Exilée depuis deux ans à Domiz, dans le Kurdistan irakien, parmi 40 000 autres réfugiés, sa famille s’est endettée pour bâtir une maison de briques sur l’emplacement de sa tente. Depuis, l’aide alimentaire a été divisée par trois, et Mohamed ne parvient plus à rembourser ses créanciers. Il ne lui reste plus qu’à partir, vendre la maison et tenter sa chance auprès des passeurs, avant que la survie quotidienne ne finisse par engloutir son pécule. «Si je le pouvais, je préfèrerais rester ici, près de mes parents, mais nous n’avons vraiment pas le choix.»
En cédant sa place au camp de Domiz, Mohamed sait ce qu’il lâche: il n’aura aucune peine à monnayer son abri, la grande majorité des réfugiés syriens n’ont pas eu sa chance de trouver un logement «où il n’y a ni loyer ni factures à payer». Même en Turquie, citée parfois en modèle, les camps, saturés, rejettent le surplus vers les bidonvilles et la débrouille. La plupart des Syriens y sont livrés à eux-mêmes.
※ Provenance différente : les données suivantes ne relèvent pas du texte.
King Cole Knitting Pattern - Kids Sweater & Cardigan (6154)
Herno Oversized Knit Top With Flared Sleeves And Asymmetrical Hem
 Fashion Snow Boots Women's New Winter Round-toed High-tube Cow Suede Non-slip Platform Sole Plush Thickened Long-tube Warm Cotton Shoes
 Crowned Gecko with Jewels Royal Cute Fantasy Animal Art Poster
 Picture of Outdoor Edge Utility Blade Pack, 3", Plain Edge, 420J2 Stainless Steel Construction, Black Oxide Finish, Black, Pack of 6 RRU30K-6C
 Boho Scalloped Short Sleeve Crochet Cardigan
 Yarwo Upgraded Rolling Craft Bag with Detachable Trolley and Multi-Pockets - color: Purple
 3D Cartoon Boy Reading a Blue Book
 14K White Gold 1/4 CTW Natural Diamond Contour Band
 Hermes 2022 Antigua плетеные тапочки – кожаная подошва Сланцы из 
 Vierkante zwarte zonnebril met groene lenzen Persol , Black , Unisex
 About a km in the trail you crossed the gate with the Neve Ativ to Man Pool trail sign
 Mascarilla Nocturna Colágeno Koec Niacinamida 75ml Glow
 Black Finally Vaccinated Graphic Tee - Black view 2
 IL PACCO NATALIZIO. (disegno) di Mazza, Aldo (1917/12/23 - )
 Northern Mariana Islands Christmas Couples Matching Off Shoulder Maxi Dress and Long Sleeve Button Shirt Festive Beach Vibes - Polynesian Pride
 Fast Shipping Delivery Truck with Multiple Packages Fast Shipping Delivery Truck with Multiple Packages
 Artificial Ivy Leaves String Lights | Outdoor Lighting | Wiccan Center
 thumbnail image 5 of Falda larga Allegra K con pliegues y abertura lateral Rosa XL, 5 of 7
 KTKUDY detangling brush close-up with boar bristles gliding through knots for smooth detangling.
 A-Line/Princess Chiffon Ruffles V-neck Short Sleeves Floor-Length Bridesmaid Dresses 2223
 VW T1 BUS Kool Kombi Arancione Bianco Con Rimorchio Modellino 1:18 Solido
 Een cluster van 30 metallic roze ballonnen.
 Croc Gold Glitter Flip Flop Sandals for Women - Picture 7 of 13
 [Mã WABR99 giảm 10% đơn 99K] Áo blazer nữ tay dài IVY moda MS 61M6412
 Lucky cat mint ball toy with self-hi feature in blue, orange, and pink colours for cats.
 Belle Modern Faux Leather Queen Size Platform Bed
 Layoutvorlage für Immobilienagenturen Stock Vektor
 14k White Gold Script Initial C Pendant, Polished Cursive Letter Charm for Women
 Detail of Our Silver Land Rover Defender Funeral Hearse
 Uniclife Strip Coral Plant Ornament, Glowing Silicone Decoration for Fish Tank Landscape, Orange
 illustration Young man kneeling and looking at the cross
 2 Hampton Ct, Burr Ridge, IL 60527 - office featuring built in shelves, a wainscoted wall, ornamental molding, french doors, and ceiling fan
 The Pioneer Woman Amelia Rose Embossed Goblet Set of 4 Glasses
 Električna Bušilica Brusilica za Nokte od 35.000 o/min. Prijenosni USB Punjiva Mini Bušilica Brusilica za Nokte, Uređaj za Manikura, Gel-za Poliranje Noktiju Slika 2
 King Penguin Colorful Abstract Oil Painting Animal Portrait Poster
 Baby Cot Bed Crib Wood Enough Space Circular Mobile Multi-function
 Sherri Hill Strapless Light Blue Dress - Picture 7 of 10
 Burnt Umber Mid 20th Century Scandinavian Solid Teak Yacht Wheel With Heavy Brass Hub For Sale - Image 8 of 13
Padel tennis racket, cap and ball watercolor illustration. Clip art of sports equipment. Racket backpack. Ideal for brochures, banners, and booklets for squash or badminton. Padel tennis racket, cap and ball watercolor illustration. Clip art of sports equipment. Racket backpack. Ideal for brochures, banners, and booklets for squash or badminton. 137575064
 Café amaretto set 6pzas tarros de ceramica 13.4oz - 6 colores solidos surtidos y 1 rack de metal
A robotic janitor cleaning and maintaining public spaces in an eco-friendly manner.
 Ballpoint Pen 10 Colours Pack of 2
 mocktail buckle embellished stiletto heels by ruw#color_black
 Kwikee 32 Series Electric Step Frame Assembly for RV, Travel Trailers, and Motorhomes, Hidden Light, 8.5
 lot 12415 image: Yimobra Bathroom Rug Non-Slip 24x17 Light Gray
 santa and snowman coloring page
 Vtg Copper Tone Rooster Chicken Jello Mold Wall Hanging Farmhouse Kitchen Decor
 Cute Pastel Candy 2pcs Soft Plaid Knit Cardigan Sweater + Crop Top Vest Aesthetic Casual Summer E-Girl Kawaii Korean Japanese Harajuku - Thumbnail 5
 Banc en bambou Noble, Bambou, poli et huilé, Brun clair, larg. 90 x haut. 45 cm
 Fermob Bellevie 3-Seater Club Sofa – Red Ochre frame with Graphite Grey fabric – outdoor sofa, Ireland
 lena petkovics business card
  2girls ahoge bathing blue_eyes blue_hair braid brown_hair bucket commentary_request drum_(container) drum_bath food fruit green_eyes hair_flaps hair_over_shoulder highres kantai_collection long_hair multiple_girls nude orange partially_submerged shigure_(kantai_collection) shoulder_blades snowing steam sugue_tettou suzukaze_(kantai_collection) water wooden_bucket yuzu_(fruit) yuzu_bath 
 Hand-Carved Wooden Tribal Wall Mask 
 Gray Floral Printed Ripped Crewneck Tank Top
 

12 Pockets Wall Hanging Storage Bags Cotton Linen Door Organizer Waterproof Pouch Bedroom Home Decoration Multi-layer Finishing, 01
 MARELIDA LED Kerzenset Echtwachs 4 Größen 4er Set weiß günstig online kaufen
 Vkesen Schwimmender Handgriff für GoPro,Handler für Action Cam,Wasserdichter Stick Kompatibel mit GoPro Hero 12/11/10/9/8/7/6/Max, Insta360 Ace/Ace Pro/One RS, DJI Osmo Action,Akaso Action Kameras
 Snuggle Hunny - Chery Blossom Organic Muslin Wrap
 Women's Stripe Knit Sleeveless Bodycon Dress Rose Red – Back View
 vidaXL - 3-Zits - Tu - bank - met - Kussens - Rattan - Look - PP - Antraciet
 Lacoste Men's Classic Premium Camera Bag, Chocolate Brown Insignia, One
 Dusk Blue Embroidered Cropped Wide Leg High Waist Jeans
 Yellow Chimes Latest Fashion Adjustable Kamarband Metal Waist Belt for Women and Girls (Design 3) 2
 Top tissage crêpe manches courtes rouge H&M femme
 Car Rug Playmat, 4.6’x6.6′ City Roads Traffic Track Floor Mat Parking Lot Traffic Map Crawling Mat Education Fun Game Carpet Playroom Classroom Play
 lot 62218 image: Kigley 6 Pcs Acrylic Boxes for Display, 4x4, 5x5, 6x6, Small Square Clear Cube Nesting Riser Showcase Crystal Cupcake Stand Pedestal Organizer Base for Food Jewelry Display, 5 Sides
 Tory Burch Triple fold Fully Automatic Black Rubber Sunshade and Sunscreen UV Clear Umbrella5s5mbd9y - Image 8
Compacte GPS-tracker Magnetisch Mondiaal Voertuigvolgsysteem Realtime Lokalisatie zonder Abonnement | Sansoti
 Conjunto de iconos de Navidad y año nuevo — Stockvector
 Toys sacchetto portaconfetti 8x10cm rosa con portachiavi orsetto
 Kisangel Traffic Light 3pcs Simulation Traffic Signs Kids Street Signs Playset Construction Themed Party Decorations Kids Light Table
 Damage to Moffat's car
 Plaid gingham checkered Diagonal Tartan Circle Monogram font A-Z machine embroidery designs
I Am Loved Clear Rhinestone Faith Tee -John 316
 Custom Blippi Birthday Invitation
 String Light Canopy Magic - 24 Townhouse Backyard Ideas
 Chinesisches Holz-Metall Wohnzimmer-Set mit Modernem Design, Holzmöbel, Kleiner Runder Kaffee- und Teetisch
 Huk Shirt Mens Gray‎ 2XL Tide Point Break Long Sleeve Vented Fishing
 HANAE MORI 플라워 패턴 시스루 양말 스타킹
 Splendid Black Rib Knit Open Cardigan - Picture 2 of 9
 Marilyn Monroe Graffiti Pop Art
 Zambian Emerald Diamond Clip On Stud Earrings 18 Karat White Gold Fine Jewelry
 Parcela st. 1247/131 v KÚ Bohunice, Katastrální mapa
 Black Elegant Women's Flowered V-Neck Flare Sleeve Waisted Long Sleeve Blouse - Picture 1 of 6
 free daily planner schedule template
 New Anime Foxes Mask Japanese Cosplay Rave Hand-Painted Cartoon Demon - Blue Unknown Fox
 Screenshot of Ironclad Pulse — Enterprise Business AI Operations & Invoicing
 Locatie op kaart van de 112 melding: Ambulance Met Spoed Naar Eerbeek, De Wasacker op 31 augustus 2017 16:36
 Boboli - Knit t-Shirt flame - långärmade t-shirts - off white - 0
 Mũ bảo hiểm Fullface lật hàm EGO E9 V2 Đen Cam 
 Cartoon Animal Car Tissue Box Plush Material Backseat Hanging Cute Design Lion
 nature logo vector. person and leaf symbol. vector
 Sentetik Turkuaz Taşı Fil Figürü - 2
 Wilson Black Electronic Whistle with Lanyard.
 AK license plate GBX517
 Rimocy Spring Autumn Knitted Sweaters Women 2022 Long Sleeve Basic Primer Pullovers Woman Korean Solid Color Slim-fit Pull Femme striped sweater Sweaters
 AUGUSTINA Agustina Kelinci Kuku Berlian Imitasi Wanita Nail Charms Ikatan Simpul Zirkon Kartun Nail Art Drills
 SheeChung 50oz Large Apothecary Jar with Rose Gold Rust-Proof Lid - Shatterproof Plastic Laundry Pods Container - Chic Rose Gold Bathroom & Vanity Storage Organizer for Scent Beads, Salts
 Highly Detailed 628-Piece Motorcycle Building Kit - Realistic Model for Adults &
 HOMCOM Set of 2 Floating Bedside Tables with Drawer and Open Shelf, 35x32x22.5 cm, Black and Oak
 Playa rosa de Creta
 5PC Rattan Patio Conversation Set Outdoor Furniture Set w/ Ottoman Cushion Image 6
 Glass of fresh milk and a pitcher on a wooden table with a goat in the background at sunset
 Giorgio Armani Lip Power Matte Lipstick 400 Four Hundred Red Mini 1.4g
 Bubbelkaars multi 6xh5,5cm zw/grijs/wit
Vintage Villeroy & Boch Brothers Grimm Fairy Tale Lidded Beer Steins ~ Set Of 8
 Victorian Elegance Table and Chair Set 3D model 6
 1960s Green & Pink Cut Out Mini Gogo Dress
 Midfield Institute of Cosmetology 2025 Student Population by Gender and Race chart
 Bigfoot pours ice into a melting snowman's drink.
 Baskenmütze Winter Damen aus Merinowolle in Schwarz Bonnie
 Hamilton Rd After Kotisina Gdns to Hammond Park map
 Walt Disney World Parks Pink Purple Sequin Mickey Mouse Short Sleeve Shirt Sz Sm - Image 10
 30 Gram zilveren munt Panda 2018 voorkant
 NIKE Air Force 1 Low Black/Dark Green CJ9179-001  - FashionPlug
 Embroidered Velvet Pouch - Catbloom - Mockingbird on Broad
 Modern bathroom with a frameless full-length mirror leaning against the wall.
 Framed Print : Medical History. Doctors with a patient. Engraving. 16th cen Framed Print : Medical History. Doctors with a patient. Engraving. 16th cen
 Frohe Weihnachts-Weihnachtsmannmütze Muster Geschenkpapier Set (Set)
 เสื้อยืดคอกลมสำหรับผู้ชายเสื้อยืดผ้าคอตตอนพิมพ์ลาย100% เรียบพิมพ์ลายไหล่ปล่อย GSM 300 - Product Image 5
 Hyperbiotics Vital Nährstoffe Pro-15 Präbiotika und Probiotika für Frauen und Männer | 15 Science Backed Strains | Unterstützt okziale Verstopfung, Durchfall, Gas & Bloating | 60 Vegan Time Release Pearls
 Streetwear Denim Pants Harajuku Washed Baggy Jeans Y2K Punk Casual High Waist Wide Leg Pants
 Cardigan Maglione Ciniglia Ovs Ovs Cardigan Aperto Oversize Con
Une situation intenable que d’aucuns espéraient voir s’inverser avec l’afflux de migrants vers l’Europe. Pour l’heure, cependant, les appels à contribution du HCR ne font toujours pas recette. Le taux de financement ne devrait pas dépasser les 47% à la fin de l’année, selon l’organisation.
*Témoignages recueillis par MSF et Oxfam.